Tad Devine, Dukakis’ chief delegate tracker, paced up and down the trailer floor. A tall, slender man with horn-rimmed glasses, Devine barked instructions, asked questions and occasionally ran his hand through his dark hair.

It was up to Devine to decide when the floor whips would report their vote to their state delegation chairperson. If the vote was not going Dukakis’ way, Devine planned to stall and try to persuade the defectors to return to ship. Otherwise, he wanted quick reporting to keep the convention on schedule.

“No first use--It’s going to be a winner!” he shouted. “Get a hold of people and tell them to let the numbers go. Let it go! No first use. Let the numbers go!”

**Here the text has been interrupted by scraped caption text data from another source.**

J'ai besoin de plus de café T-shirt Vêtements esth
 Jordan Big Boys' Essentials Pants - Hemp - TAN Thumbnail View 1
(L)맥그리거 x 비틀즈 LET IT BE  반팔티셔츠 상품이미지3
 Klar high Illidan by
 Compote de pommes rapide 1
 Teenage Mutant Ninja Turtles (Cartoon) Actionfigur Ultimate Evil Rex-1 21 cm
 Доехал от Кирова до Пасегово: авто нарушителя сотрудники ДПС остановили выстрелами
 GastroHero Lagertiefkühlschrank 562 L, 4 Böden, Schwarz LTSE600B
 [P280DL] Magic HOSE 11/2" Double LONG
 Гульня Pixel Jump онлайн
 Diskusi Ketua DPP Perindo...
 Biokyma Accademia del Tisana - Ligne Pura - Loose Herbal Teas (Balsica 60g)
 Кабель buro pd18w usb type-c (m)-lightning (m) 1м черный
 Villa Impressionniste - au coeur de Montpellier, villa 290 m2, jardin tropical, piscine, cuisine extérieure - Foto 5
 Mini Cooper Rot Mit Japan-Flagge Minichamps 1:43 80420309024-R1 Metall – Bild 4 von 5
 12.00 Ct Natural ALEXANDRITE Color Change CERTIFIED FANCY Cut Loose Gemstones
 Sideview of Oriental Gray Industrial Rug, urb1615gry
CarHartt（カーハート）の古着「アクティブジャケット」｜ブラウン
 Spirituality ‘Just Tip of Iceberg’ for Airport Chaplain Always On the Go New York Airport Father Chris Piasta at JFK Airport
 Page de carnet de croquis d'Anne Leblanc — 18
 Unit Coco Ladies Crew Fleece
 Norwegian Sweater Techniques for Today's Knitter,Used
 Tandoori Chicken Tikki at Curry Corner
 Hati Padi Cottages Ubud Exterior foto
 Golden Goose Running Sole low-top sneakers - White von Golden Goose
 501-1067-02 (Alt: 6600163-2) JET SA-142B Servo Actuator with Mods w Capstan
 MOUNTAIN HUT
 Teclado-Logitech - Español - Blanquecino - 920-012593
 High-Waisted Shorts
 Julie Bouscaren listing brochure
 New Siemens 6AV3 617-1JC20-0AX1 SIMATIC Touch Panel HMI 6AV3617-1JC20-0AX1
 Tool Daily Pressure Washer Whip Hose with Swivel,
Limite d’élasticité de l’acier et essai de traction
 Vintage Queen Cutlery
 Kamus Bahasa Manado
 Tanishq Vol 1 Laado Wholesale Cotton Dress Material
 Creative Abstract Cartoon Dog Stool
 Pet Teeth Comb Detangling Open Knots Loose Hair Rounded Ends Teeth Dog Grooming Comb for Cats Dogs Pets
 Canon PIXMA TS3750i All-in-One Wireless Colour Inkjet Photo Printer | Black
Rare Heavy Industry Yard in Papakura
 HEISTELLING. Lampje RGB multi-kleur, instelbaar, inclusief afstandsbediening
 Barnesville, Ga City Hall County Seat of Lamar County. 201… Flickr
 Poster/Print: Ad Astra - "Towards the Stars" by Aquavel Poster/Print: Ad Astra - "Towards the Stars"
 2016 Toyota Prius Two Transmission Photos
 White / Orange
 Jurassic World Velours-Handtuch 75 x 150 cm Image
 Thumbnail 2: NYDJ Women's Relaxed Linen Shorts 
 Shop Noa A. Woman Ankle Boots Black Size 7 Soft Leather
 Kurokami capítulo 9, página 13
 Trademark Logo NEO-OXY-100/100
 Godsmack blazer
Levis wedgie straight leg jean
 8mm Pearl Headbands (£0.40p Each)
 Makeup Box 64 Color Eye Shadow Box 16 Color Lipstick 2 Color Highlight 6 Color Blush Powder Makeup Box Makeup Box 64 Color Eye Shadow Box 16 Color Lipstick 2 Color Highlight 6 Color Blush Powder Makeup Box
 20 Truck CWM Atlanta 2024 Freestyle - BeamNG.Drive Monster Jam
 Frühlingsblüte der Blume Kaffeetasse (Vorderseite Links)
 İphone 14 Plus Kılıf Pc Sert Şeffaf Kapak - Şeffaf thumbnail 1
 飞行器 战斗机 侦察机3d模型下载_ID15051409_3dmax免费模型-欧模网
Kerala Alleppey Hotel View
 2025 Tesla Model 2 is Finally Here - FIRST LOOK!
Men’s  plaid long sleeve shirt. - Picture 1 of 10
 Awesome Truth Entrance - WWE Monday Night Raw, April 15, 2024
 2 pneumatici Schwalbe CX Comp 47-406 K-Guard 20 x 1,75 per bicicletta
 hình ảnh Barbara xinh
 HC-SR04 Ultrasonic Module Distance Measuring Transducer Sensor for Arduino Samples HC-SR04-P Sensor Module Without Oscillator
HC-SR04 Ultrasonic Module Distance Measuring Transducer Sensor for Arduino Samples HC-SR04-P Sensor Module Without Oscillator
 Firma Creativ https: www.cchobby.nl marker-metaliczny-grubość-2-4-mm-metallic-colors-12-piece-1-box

Dukakis’ senior advisers huddled in a separate room in the trailer. They were there to decide strategy if a vote did not go Dukakis’ way. They could call up members of Congress on the floor and ask them to lobby delegates. They even had a point-to-point phone connecting them to Dukakis’ hotel room and they could summon the candidate if they needed him to lobby delegates.

But for all the anxiety and the preparations, the sweating and the shouting, the inevitable was occuring in this seemingly most inevitable of conventions: Dukakis was winning by large majorities.

“It’s going exactly as we expected things to go,” an intense Devine confirmed.

Staff writers John Balzar and Karen Tumulty contributed to this story.